• **TO DO**
Please reproduce the entries below exactly, leaving the pictures out.

- - - -

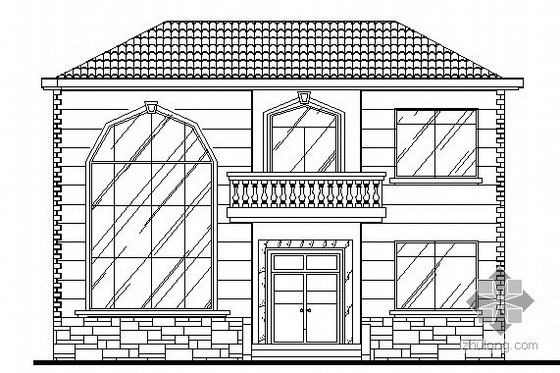 成套建筑结构施工图图纸资料下载-某二层别墅建筑结构施工图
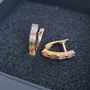 Серьги дорожки, Каталог >> Бижутерия >> Ювелирная бижутерия, коллекция "Дубай", покрытие: позолота, цвет камней: розовый,фиолетовый,зеленый, желтый, 23145, арт. 947.232 947.232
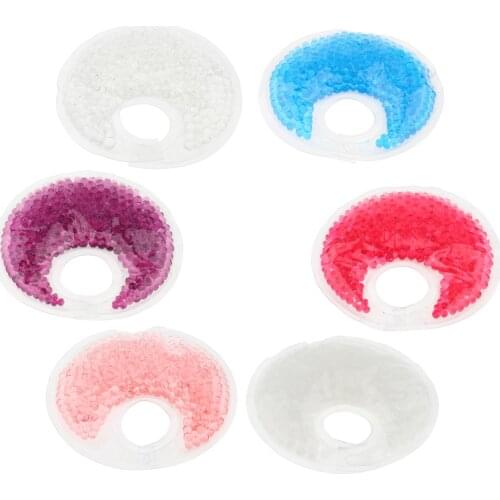 Thermal Silicone Gel Pad, Soothing Nursing Pillows with Flaxseed, Heating Pad or Cold Compress for Breastfeeding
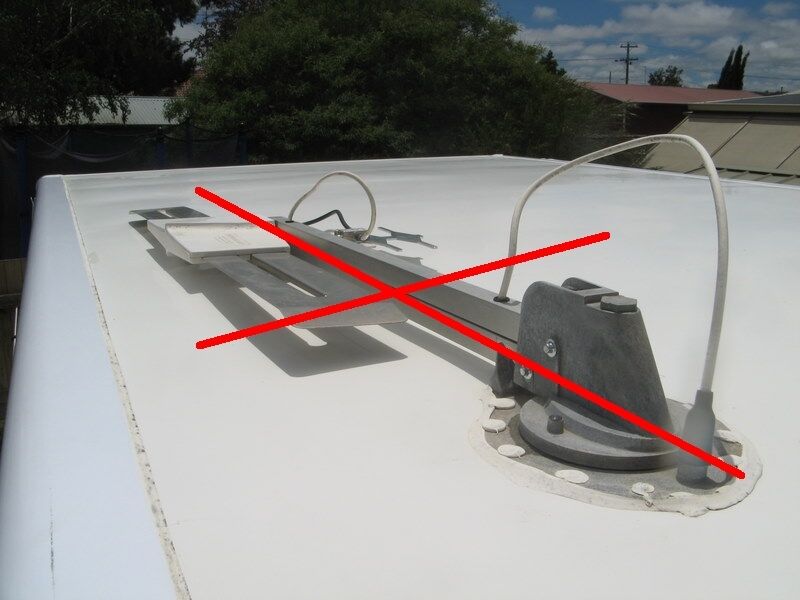 Wineguard Removal Plate Sensar III IV Unistall TV Antenna Roof Cover Cap RV Boat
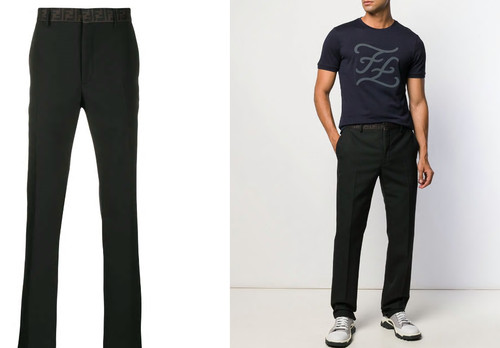 Pantalone sartoriale fendi - sartoriale,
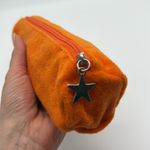 Stila Orange Terry Star Zip Cosmetic Pencil Bag Case Photo 5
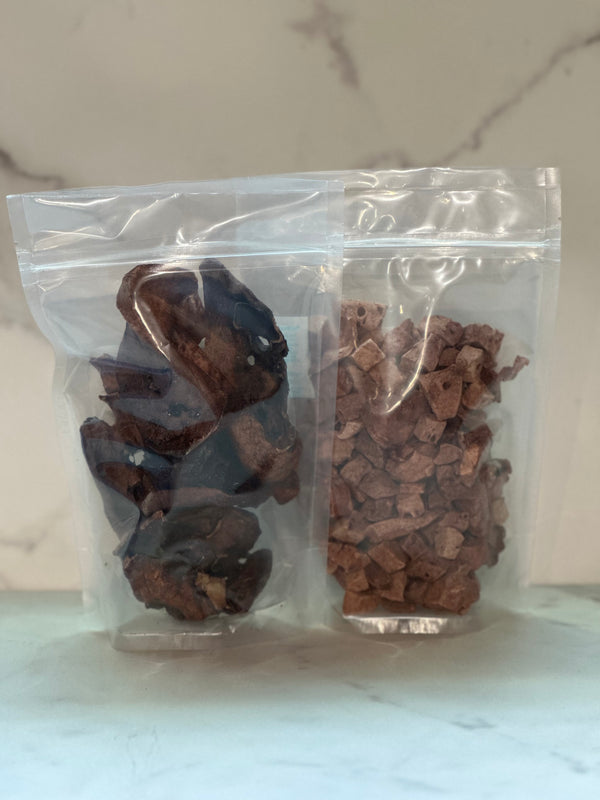 Bison Lung Training Bites - Freeze Dried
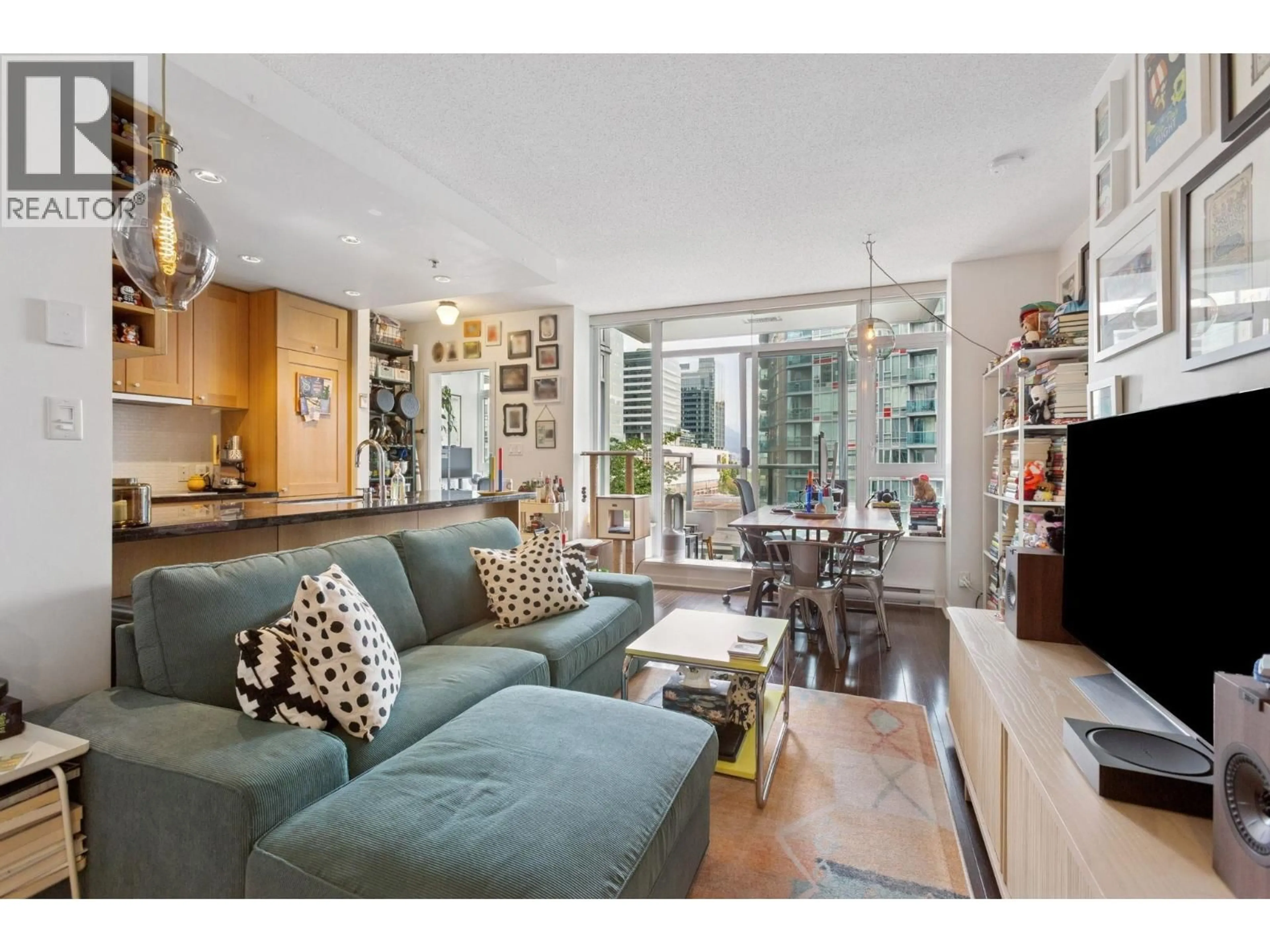 Living room with furniture, unknown for 1003 - 821 CAMBIE STREET, Vancouver British Columbia V6B0E3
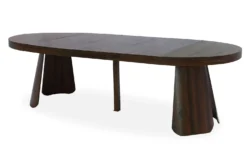 Table ronde extensible Henriette Bois noisette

- - - -

• **ANSWER TO THIS TASK**
 成套建筑结构施工图图纸资料下载-某二层别墅建筑结构施工图
 Серьги дорожки, Каталог >> Бижутерия >> Ювелирная бижутерия, коллекция "Дубай", покрытие: позолота, цвет камней: розовый,фиолетовый,зеленый, желтый, 23145, арт. 947.232 947.232
 Thermal Silicone Gel Pad, Soothing Nursing Pillows with Flaxseed, Heating Pad or Cold Compress for Breastfeeding
 Wineguard Removal Plate Sensar III IV Unistall TV Antenna Roof Cover Cap RV Boat
 Pantalone sartoriale fendi - sartoriale,
 Stila Orange Terry Star Zip Cosmetic Pencil Bag Case Photo 5
 Bison Lung Training Bites - Freeze Dried
 Living room with furniture, unknown for 1003 - 821 CAMBIE STREET, Vancouver British Columbia V6B0E3
 Table ronde extensible Henriette Bois noisette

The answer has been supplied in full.